先ずはサントリーニという産地を語る上で、特に重要な造り手を挙げよと言われたらまず名前の上がる二人、ハリディモス・ハツィダキスパリス・シガラスから始めよう。

サントリーニのぶどう畑は細かく細分化されて所有されており、全体で概ね1,200の栽培農家がいる。全ての農家は1911年に設立された唯一の協同組合であるサント・ワインズに加盟しており、長らくこのワイナリーが島を代表する生産者でもあった。

他のギリシャの産地と同様に、少しずつ状況が変わってきたのは近年になってからである。彼らのようなスター生産者の登場がその大きなきっかけとなったのは論をまたない。

ハリディモス・ハツィダキス

(コンスタンティーナ・ハツィダキス)

観光客で混雑するサントリーニ空港でUberを捕まえて約20分、一面クルーラ仕立ての畑を過ぎ、ワイナリーに到着する。
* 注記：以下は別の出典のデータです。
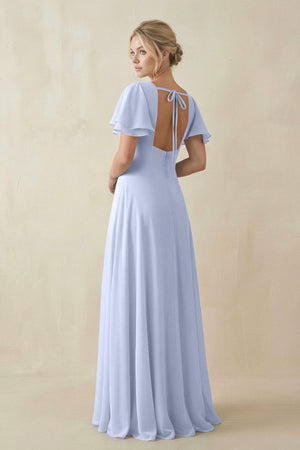 V - Neck Ruffled Short Sleeves A - Line Bridesmaid Dress in Ice - KISS BRIDAL Bridesmaid Dresses
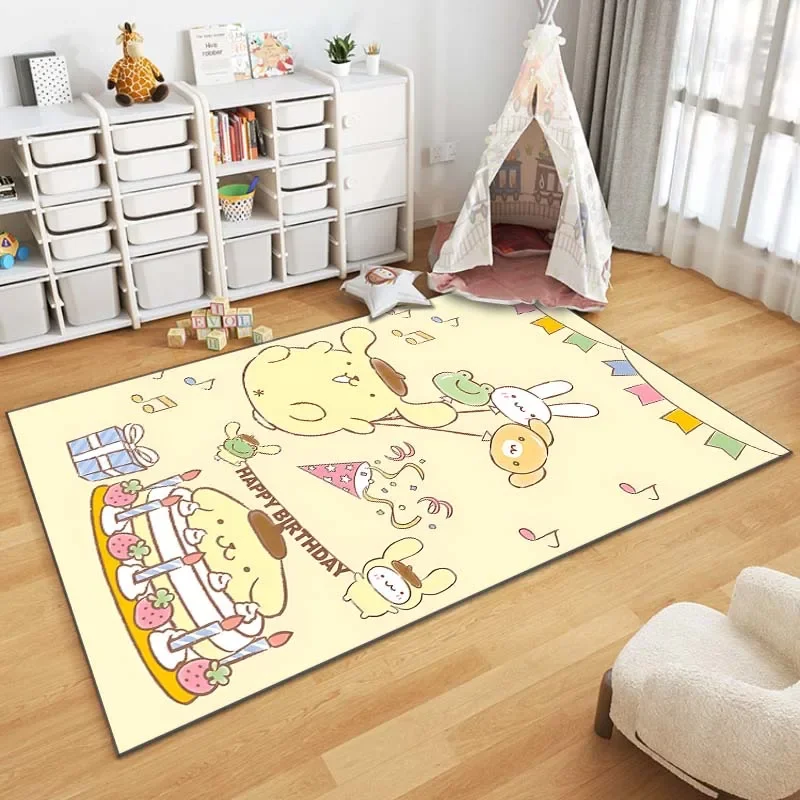 Japaese Sanrio Dog Pom Pom Purin Pattern Living Room Bedroom Carpet Bedside Bathroom Floor Mat Cloakroom Girls Room Home Decor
周りにはほとんど何もない。大きな洞窟を改装したワイナリーに入ると、テイスティング中の観光客のグループと、説明するスタッフが目に入り、ここが観光客の多い島であったことを思い出させられる。生産量は現在6-7万本とそれほど大きいわけではないし、ギリシャ国内でも海外でもよく知られたワイナリーであるにも関わらず、こうやってセラードアにも力を入れているのを見ると、サントリーニがワイン産地として特殊な立ち位置にあるのがよく分かる。

サントリーニのブータリ・ワイナリーの醸造家だったハリディモスが、妻のコンスタンティーナと共に1997年に設立したのがハツィダキス・ワイナリーだ。コンスタンティーナの実家はサントリーニに放棄された樹齢の古い畑を所有しており、この畑を元にワイナリーの歴史が始まった。当初からオーガニックでの栽培を行い、島で初めての有機栽培の認証を得たぶどう畑である。

その後ワイナリーは少しずつ拡大していったが、自社畑の有機栽培や天然酵母での醸造を100%行うという点でサントリーニでも先駆的であり、今でもこれは非常に珍しい。近代化したスタイルのワインが多いこの島において貴重であり、軽いフィルターの使い方なども含めナチュラルワインの文脈からも語ることができるワインだとも思う。

また、ブータリに勤めていた頃からマヴロトラガノの可能性に着目し、独立した1997年に島で初めてのマヴロトラガノ単一のキュヴェをリリースしたのもハリディモスだ。

ハリディモスは2017年に亡くなり一時はワイナリーの存続も危ぶまれたが、現在ではコンスタンティーナと娘たちがワイナリーを切り盛りしている。ワインメーカーもハリディモスの死後はアシスタントだったワインメーカーが数年醸造していたが、昨年から新しいワインメーカーになった。ワイナリーとしては少しずつ変わりながら、それでもハリディモスの頃と哲学もワイン造りも何も変わらないとコンスタンティーナは熱く語る。

(※写真はBarrel Agedのタイプ。)

その点で、今のこのワイナリーを最もよく表しているのが「Skitali」というキュヴェだ。ハリディモスが亡くなってから初めてリリースされたワインで、彼がテストバッチとして残していたワインから造られた。アシルティコは様々なスタイルが追究されているが、その一つとして長い澱との接触を行うスタイルがある。このワインは1年間ステンレスタンクで澱と一緒に寝かされており、この島のアシルティコのミネラリーで塩味を感じるスタイルをさらに強化したような伸びやかで雄大なワインだ。「Skitali」とはバトンを意味し、ハリディモスから受け取ったバトンを繋いでいく思いを込めているという。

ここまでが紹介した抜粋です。